Previous work has also suggested the use of neural network vision systems for analysis of the authenticity of an object, most notably currency. Neural networks have been heavily studied for the extraction of information from complex visual images, and are especially useful in instances where it may be uncertain where the information resides. For example, a neural network has been previously developed to aid in the discrimination of photocopied bank notes from authentic notes. In this work, the neural net was trained using several hundred samples of known authentic notes and known forgeries, and developed a “hidden” algorithm to discriminate the two.

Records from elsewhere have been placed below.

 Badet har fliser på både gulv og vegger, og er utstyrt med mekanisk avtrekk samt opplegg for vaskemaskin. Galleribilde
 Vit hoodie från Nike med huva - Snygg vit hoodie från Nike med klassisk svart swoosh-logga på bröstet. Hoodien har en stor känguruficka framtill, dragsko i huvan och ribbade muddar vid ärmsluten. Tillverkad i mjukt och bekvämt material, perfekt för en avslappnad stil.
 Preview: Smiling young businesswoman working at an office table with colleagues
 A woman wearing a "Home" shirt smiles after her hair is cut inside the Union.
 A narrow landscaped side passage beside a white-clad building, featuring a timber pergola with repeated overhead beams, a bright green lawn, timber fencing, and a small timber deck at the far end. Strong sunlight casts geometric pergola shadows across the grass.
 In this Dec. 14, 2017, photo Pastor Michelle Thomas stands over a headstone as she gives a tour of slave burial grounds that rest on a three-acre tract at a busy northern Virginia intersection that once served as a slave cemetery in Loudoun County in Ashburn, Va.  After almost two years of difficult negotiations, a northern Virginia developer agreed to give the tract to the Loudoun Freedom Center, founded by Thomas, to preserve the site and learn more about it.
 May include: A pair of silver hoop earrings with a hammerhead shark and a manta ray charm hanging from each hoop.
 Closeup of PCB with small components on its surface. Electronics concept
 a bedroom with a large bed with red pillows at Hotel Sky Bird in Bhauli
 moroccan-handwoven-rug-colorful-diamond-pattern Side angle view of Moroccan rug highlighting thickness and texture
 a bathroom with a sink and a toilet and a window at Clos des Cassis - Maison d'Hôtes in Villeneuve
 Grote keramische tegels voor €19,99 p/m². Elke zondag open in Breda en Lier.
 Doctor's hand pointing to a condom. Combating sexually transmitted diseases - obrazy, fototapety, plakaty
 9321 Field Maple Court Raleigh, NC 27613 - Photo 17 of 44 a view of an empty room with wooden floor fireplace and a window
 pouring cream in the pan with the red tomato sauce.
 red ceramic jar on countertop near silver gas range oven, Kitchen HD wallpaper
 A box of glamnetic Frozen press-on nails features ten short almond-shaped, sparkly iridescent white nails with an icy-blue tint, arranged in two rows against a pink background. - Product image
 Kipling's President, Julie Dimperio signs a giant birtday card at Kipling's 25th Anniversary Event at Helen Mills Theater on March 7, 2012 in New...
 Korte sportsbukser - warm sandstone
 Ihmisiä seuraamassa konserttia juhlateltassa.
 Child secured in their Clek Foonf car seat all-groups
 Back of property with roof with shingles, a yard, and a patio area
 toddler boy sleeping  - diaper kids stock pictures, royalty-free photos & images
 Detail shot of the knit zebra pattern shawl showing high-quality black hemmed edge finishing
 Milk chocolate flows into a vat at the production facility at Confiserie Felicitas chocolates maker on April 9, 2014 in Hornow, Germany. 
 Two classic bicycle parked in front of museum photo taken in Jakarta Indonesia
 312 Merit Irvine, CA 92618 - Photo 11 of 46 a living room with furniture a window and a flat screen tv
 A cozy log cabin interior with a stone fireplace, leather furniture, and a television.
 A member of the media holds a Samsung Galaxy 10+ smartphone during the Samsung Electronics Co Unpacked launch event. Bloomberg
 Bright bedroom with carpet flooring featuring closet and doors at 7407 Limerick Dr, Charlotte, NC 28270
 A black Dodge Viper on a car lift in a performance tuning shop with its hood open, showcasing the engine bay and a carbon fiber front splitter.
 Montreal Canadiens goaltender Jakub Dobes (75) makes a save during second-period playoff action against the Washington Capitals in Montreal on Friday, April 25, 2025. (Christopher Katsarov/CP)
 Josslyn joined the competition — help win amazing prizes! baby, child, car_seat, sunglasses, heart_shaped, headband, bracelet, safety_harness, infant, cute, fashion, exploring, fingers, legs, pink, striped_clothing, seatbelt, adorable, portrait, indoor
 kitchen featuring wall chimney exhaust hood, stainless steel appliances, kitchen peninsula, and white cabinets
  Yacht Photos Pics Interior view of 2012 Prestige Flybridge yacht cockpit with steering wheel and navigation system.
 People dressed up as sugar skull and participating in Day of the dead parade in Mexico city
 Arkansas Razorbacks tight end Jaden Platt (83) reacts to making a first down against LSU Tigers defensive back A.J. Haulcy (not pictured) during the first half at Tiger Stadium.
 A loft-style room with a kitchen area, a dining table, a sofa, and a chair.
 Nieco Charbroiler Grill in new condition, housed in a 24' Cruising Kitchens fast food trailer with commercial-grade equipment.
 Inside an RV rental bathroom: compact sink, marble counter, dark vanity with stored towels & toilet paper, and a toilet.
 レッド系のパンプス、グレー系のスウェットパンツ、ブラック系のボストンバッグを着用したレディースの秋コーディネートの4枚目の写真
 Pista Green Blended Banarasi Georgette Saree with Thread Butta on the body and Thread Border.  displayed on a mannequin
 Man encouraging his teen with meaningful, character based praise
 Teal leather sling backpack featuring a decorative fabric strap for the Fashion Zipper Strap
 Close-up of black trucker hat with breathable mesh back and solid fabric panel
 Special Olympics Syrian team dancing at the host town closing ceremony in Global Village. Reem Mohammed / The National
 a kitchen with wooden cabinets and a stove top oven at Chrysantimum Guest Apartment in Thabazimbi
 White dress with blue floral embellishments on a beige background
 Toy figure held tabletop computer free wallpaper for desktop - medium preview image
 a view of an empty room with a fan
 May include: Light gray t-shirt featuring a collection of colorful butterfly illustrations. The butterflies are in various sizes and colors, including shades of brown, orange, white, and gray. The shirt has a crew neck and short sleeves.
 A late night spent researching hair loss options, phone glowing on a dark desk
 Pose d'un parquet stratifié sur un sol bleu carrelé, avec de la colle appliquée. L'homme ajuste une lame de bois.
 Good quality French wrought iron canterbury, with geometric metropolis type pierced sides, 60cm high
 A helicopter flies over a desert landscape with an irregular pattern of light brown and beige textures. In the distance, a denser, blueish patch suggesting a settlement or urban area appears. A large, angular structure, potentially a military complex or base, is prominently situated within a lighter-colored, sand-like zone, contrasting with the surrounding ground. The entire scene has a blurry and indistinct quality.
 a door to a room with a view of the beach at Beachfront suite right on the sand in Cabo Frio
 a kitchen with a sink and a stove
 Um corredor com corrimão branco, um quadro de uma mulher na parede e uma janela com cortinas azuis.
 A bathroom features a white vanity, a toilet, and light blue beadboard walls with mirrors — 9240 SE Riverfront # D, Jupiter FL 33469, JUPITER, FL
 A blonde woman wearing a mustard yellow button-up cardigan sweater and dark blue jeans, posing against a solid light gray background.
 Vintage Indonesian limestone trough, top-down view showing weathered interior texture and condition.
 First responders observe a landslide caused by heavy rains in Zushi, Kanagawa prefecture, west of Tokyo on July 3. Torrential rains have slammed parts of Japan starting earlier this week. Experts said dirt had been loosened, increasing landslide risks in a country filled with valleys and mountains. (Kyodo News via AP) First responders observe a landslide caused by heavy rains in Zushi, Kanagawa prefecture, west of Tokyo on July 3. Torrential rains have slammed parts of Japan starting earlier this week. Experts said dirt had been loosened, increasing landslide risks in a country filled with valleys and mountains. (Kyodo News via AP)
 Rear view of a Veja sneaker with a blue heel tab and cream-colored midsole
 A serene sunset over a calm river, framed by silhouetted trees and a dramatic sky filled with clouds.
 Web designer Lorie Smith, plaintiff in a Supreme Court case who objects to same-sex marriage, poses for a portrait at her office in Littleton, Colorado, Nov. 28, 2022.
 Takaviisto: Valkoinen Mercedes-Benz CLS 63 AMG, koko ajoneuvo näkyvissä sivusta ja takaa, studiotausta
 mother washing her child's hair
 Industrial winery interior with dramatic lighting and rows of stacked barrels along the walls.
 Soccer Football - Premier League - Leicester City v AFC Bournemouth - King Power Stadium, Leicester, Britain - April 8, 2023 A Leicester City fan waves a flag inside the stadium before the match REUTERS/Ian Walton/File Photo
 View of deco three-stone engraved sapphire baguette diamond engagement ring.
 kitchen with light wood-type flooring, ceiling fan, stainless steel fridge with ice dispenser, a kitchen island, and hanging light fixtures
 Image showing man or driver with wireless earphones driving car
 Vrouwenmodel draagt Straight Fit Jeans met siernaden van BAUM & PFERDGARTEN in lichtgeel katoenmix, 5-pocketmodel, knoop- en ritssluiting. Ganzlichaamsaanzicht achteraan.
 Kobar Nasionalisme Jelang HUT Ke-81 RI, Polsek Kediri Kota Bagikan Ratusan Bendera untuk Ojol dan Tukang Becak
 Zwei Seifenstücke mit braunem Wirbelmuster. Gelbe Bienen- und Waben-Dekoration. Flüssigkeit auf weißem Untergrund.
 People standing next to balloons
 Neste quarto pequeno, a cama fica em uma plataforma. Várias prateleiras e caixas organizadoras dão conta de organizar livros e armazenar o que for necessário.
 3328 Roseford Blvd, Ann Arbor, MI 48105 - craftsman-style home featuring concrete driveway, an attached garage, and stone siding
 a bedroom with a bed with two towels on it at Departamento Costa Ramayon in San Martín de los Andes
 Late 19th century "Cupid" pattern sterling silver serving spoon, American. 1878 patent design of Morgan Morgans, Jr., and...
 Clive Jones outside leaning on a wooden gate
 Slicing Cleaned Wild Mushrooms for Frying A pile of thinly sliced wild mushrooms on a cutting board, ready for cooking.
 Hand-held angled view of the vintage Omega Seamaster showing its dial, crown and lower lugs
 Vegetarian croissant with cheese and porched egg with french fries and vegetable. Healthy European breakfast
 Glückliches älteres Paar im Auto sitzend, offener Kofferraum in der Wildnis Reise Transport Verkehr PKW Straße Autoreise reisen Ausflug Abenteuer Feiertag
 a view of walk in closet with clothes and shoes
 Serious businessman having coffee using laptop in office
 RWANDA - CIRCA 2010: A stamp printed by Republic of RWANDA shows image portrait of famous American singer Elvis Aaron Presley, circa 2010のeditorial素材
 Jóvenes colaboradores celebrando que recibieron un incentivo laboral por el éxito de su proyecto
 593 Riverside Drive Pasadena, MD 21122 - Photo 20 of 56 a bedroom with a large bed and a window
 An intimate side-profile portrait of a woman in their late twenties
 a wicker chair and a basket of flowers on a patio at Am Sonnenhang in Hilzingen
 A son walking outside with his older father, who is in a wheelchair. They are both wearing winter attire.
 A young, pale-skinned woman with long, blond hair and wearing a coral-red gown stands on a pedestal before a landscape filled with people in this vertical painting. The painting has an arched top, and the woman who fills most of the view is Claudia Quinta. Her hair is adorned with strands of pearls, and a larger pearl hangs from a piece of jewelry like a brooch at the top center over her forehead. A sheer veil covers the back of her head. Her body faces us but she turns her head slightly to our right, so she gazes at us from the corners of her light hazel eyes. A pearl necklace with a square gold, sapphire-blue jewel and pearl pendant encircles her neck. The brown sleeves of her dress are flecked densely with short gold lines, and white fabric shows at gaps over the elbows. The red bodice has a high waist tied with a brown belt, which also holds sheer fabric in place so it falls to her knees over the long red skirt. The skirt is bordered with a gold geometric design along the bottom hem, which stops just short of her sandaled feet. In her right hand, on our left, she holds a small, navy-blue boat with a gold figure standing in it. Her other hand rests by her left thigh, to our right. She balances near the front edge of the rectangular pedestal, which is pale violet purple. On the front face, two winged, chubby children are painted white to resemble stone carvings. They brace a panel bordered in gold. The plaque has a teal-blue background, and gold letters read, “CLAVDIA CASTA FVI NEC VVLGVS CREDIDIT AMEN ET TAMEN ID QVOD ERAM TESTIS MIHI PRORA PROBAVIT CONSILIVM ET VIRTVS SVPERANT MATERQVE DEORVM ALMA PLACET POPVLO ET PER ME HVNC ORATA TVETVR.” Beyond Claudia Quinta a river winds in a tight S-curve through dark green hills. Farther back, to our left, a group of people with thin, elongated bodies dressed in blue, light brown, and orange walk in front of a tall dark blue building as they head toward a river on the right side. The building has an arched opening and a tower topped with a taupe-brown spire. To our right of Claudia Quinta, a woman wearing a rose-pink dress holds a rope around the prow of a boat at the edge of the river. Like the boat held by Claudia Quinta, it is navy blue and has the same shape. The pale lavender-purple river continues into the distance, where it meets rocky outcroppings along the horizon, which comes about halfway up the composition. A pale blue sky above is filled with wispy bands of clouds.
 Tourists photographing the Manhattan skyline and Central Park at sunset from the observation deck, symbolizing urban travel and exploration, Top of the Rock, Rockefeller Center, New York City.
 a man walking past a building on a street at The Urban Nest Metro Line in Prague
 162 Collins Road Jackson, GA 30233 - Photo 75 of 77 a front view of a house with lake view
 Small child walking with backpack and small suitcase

A weakness of neural networks, however, may be that their variables are hidden, and as a result when they fail it can be difficult to discern why. Although neural networks are powerful tools for analysis of complex images, they can be fragile when exposed to data outside their training sets. Further, because they are naïve about the location of information in an image, they require training with hundreds or thousands of data sets, which can be prohibitively expensive in many applications. Finally, because they use hidden algorithms and lack an explicit reference that serves as the basis for differentiation of authentic versus counterfeit items, they are not auditable by customers or standards bodies that wish to validate their performance.
There thus remains a significant need for new anti-counterfeiting, authenticity and provenance determination techniques which provide a required degree of security for objects that are both simple to operate and low cost, so that authentication tracking and control can be performed throughout the supply chain of the object.